HAVE 3/2022

Durchgriff in der Betriebshaftpflichtversicherung

Mike Schumacher, Seite 239

Die Betriebshaftpflichtversicherung schützt das Vermögen vor Schadenersatzforderungen Dritter.
Schädigt die Einpersonen-AG die Alleinaktionärin und begehrt anschliessend Versicherungsleistungen,
muss geprüft werden, ob es sich um einen nicht versicherten Eigenschaden oder einen versicherten
Drittschaden handelt. Die Deckungsfrage lässt sich mithilfe der Rechtsfigur des Durchgriffs
beantworten.
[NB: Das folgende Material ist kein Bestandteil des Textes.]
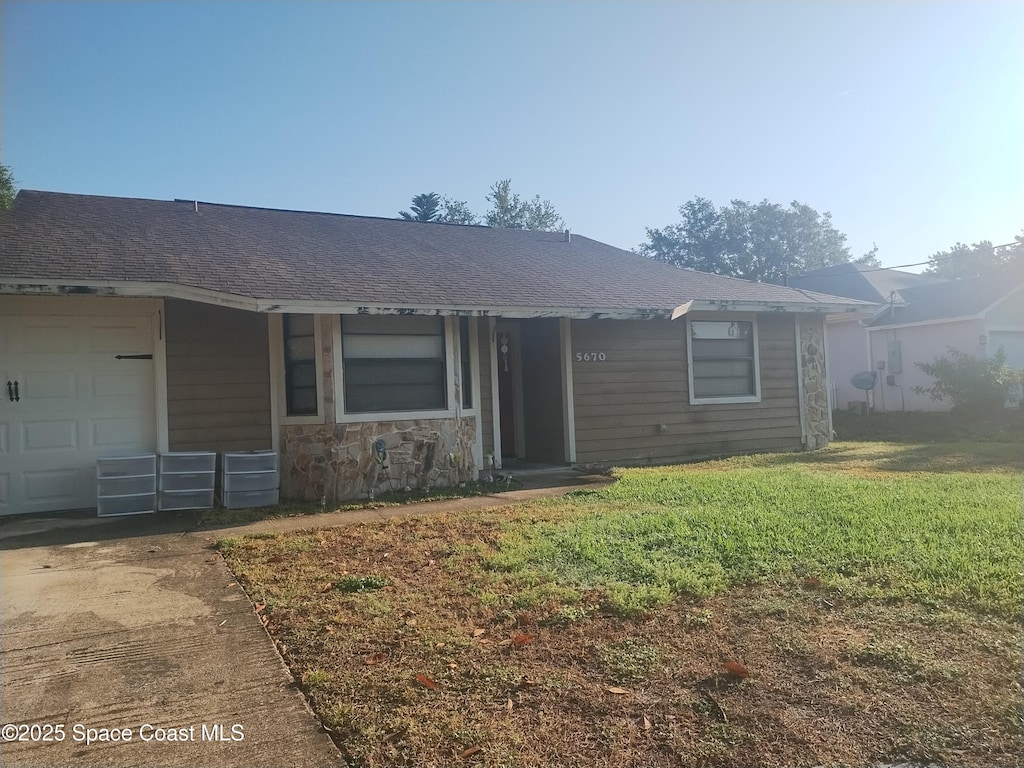 ranch-style house with a front lawn, driveway, roof with shingles, and an attached garage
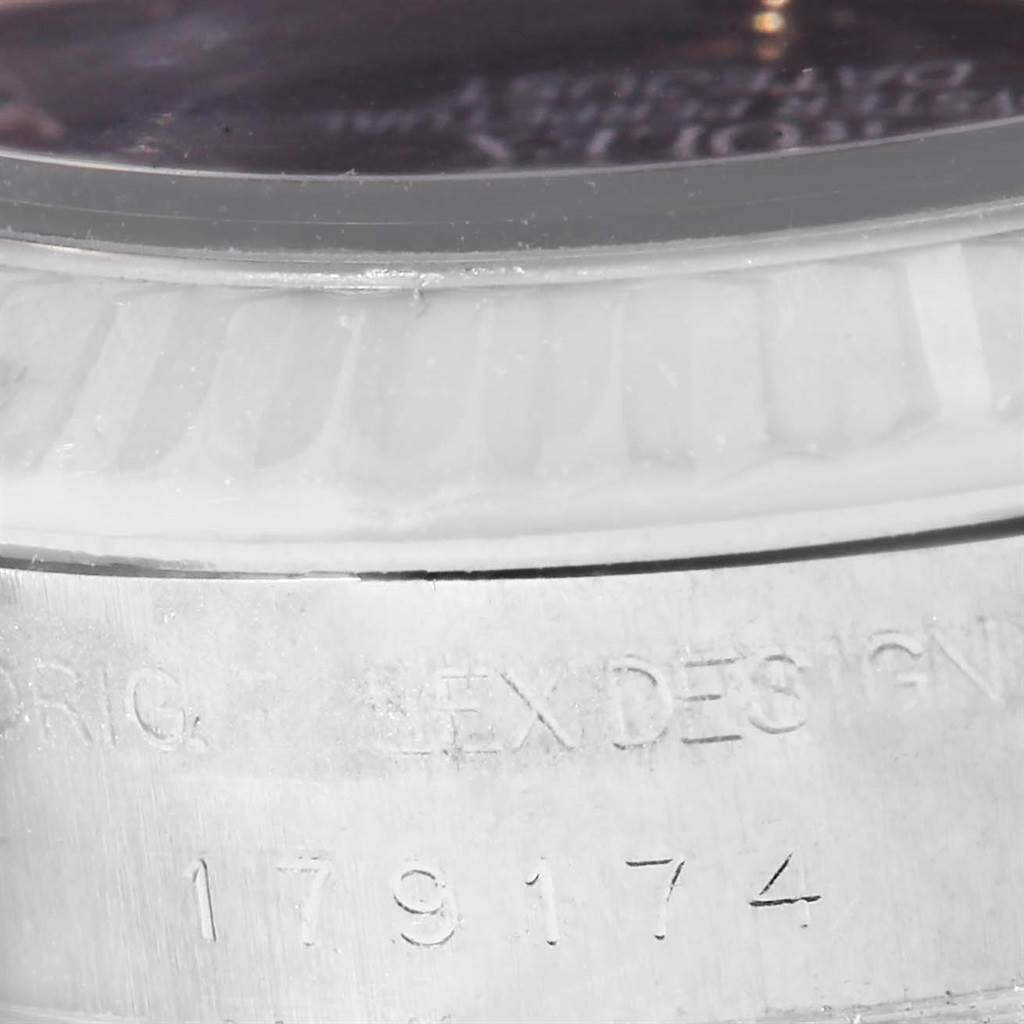 This close-up image shows the engraved bezel and case, revealing the model number of the Rolex Datejust 179174 Women
s Stainless Steel Mother of Pearl Dial 179174 Women
s Stainless Steel Mother of Pearl Dial.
Demnach kann der Versicherer durch den Schleier der juristischen Person hindurchgreifen
und die Leistungspflicht ablehnen, wenn eine wirtschaftliche Einheit zwischen Haftpflichtiger
und Geschädigtem besteht und die rechtliche Selbstständigkeit der juristischen Person bloss vorgeschoben
wird, um Versicherungsschutz zu erlangen. Dies ist insbesondere der Fall, wenn das ursprüngliche
Geschäft zwischen den Parteien dem «dealing at arm’s length»-Prinzip widerspricht, die
beherrschte juristische Person mithin kein eigenständiges wirtschaftliches Interesse an der Leistung
zu Gunsten der beherrschenden Person hat.

Neuerungen im Versicherungsvermittlungsrecht

Kevin M. Hubacher, Seite 247

Im Frühjahr 2022 wurde die Teilrevision des Versicherungsaufsichtsgesetzes verabschiedet. Derzeit
läuft das Vernehmlassungsverfahren zur Änderung der Aufsichtsverordnung. Bereits jetzt lassen sich
aber einige zentrale Neuerungen im Versicherungsvermittlungsrecht identifizieren. Nebst der klaren
Trennung von gebundener und ungebundener Vermittlungstätigkeit sind vor allem die aufsichtsfreie
Vermittlung von Annexversicherungen, die Regelungen zu möglichen Interessenkonflikten, der
Offenlegung von Entschädigungen, der Aus- und Weiterbildung, der Corporate Governance sowie
der Berichterstattung an die FINMA erwähnenswert. Der Beitrag zeigt, dass sich das neue Versicherungsvermittlungsrecht nicht nur an der EUVersicherungsvertriebsrichtlinie orientiert, sondern auch einzelne Insurance Core Principles der International Association of Insurance Supervisors implementiert. Der Autor kommt zum Fazit, dass die Neuerungen zu einem stärker regulierten Versicherungsvermittlungsgeschäft führen.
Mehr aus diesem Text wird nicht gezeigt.